0

How do we implement agregation or composition with NDB on Google App Engine ? What is the best way to proceed depending on use cases ? Thanks !

I've tried to use a repeated property. In this very simple example, a Project have a list of Tag keys (I have chosen to code it this way instead of using StructuredProperty because many Project objects can share Tag objects).

class Project(ndb.Model):
    name = ndb.StringProperty()
    tags = ndb.KeyProperty(kind=Tag, repeated=True)
    budget = ndb.FloatProperty()
    date_begin = ndb.DateProperty(auto_now_add=True)
    date_end = ndb.DateProperty(auto_now_add=True)

    @classmethod
    def all(cls):
        return cls.query()

    @classmethod
    def addTags(cls, from_str):
        tagname_list = from_str.split(',')
        tag_list = []
        for tag in tagname_list:
            tag_list.append(Tag.addTag(tag))
        cls.tags = tag_list

--

Edited (2) : Thanks. Finally, I have chosen to create a new Model class 'Relation' representing a relation between two entities. It's more an association, I confess that my first design was unadapted.

Hicham
  • 17
  • 3
  • I'd reference this question: http://stackoverflow.com/questions/13930573/ndb-modelling-one-to-many-merits-of-repeated-keyproperty-vs-foreign-key – deweyredman May 12 '14 at 22:45

2 Answers2

1

An alternative would be to use BigQuery. At first we used NDB, with a RawModel which stores individual, non-aggregated records, and an AggregateModel, which a stores the aggregate values.

The AggregateModel was updated every time a RawModel was created, which caused some inconsistency issues.
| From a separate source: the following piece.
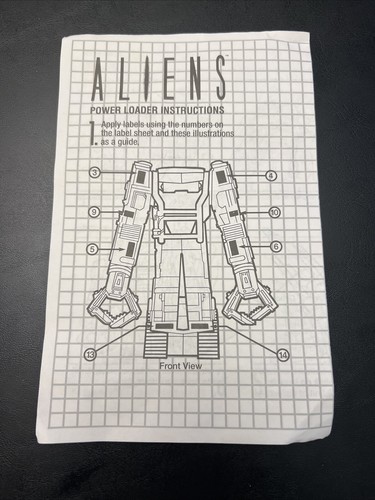 Kenner aliens space marine - aliens,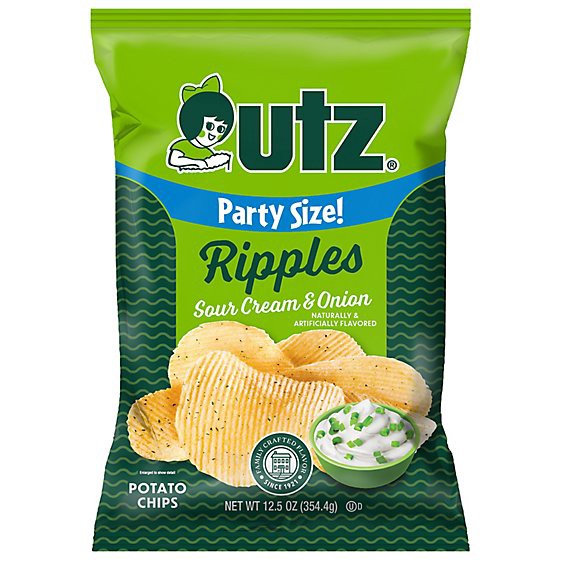 slide 1 of 9, Utz Sc&o Chips 12.5 Oz. - 12.5 Oz, 12.5 oz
In hindsight, properly using parent/ancestor keys as Tim suggested would've worked, but in the end we found BigQuery much more pleasant and intuitive to work with.

We just have cronjobs that run everyday to push RawModel to BigQuery and another to create the AggregateModel records with data fetched from BigQuery.

(Of course, this is only effective if you have lots of data to aggregate)

john2x
  • 22,546
  • 16
  • 57
  • 95
  • Thanks. But I don't think I need to use BigQuery for the moment as I don't have lots of data to agregate. On the other hand, the fact that there is an undetermined number of data to agregate, I have chosen to implement a Model class describing the relation between two entities in order to make search faster. Indeed, I think that looking for all Relation objects to check it's left member (Tag in this case) for example is faster than to look at all Projects and then to check every agregated tag in this object. – Hicham May 14 '14 at 23:25
0

It really does depend on the use case. For small numbers of items StructuredProperty and repeated properties may well be the best fit.

For large numbers of entities you will then look at setting the parent/ancestor in the Key for composition, and have a KeyProperty pointing to the primary entity in a many to one aggregation.

However the choice will also depend heavily on the actual use pattern as well. Then considerations of efficiency kick in.

The best I can suggest is consider carefully how you plan to use these relationships, how active are they (ie are they constantly changing, adding, deleting), do you need to see all members of the relation most of the time, or just subsets. These consideration may well require adjustments to the approach.

Tim Hoffman
  • 12,976
  • 1
  • 17
  • 29